Baba’s chest tightened.
“We’ve been chasing a ghost,” she continued. “A man who designs disasters and walks away untouched.”
She looked directly at him. “He calls himself something, doesn’t he?”
Baba swallowed. “The Architect.”
Mariama exhaled slowly. “So it’s true.”
She leaned back. “Then you’re already part of his blueprint.”
That night, Baba followed the pull again.
He didn’t fight it this time.
The city opened to him as he moved—leaping fences effortlessly, climbing walls without thinking. The ring guided him, humming softly with every step.
He found himself at an abandoned warehouse near the port.
Inside, men in dark clothing moved crates marked with unfamiliar symbols. Baba crouched in the shadows, heart pounding.
A scream echoed from deeper inside.
Without planning, Baba moved.
A guard spotted him. “Hey—!”
Baba raised his arm instinctively.
The ring unfolded.
The crow-shield burst forth, wings snapping open with a metallic shriek.

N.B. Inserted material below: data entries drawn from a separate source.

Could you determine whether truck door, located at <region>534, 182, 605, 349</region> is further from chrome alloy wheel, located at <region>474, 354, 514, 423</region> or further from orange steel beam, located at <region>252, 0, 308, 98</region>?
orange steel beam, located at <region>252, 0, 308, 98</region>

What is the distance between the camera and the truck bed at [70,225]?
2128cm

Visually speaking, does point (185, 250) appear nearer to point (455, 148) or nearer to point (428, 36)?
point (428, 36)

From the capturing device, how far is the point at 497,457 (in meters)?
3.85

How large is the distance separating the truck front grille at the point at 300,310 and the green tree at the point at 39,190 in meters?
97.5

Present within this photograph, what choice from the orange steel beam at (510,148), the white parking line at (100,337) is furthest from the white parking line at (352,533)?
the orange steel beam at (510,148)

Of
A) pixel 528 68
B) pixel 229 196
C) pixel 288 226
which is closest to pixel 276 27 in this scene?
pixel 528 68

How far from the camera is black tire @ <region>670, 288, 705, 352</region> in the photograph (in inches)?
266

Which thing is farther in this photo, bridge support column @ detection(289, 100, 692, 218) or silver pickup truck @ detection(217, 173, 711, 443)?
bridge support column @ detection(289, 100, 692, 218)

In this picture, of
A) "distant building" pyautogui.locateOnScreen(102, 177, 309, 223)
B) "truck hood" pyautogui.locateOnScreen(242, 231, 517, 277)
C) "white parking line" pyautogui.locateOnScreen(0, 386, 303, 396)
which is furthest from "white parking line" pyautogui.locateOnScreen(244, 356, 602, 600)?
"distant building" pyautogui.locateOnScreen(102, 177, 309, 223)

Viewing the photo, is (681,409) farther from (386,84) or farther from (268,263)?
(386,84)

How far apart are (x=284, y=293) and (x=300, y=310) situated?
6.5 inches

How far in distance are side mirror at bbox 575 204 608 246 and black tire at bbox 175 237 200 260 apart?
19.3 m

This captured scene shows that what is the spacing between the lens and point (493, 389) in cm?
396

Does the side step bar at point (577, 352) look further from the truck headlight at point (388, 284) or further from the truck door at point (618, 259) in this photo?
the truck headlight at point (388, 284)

The guard fired—but the bullets ricocheted harmlessly off the shield.
Baba stared, stunned.
Then the shield moved on its own.
It lunged forward, slamming the guard into a wall. Baba flinched as the man collapsed unconscious.

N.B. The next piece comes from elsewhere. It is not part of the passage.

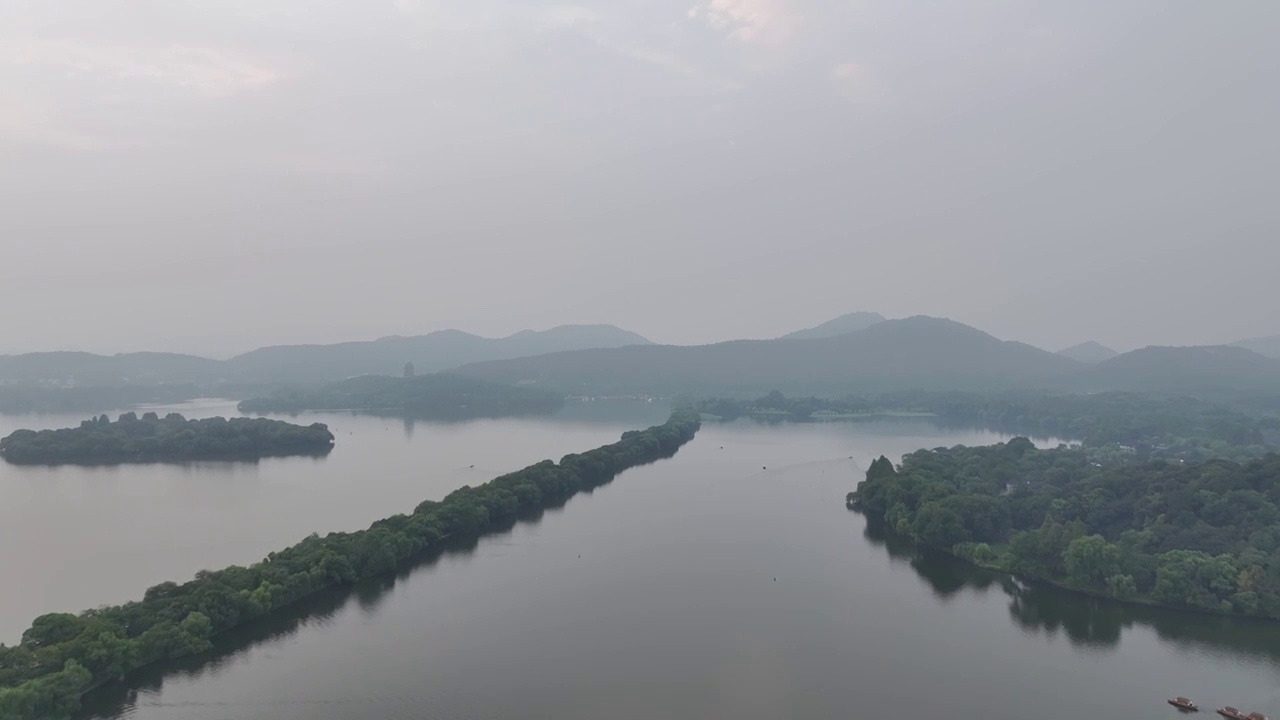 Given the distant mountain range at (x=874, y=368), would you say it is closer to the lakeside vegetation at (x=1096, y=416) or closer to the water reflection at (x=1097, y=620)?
the lakeside vegetation at (x=1096, y=416)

“What the hell…” Baba whispered.
Another guard charged.
Baba reacted faster this time.
He swung the shield.
The wings sliced the air, knocking the man flat. Baba stood there, breathing hard, green light flickering faintly in his eyes.
He hadn’t planned to fight.
But the shield had.
By the time police sirens wailed in the distance, the warehouse was empty.

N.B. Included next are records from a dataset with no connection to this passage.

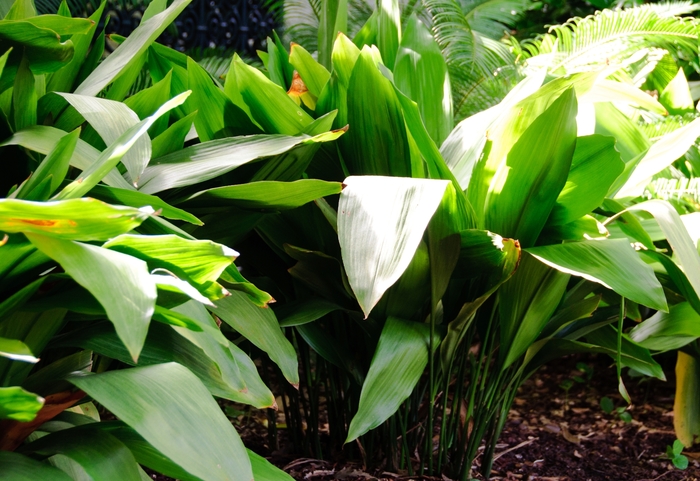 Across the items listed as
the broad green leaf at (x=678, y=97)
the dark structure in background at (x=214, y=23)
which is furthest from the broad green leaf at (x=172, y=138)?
the dark structure in background at (x=214, y=23)

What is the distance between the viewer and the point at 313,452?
1219 mm

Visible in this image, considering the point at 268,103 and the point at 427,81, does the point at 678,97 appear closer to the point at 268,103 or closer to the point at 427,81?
the point at 427,81

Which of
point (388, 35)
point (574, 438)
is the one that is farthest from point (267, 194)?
point (574, 438)

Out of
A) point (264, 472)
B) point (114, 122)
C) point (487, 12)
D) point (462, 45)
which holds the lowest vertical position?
point (264, 472)

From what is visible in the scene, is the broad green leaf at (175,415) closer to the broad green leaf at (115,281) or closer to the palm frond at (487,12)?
the broad green leaf at (115,281)

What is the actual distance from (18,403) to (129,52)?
61 cm

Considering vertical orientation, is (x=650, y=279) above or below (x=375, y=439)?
above

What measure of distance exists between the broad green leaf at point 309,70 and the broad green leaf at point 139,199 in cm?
49

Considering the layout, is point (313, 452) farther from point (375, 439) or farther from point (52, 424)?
point (52, 424)

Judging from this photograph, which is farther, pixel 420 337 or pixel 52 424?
pixel 420 337

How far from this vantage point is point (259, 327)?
0.86m

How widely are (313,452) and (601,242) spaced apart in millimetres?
665

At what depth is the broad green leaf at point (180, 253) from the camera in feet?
1.88

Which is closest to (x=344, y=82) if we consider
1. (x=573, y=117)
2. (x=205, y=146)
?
(x=205, y=146) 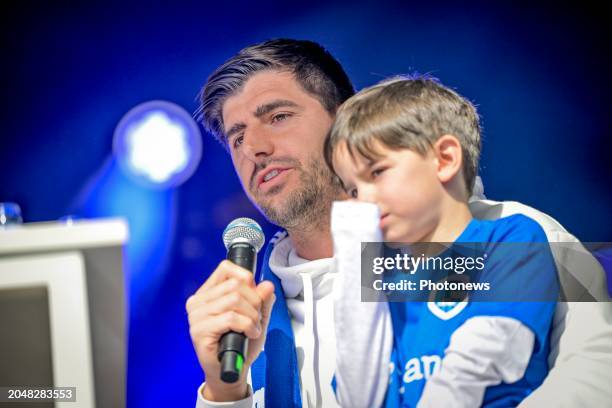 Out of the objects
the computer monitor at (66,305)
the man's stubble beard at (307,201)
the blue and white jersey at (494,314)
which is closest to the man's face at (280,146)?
the man's stubble beard at (307,201)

Baba slipped away, heart racing, mind spinning.
On a rooftop nearby, he dropped to his knees.
“I don’t want this,” he said aloud. “I don’t want to be part of his game.”
The ring vibrated gently.
From the darkness behind him, a familiar voice spoke.
“Games,” said the Architect, stepping into the moonlight, “are only games when you refuse to understand the rules.”
Baba didn’t turn around.
“Your parents fought back,” the Architect continued calmly. “They were inconvenient variables.”
Baba’s fists clenched.
“I will kill you,” he said quietly.
The Architect smiled. “Good.”
He stepped closer. “That means the experiment is progressing.”
He vanished again, leaving behind only silence and the distant sound of waves.
Baba looked out over the city of Banjul, lights flickering like fragile stars.
For the first time in his life, effort felt unavoidable.
And that terrified him more than any monster.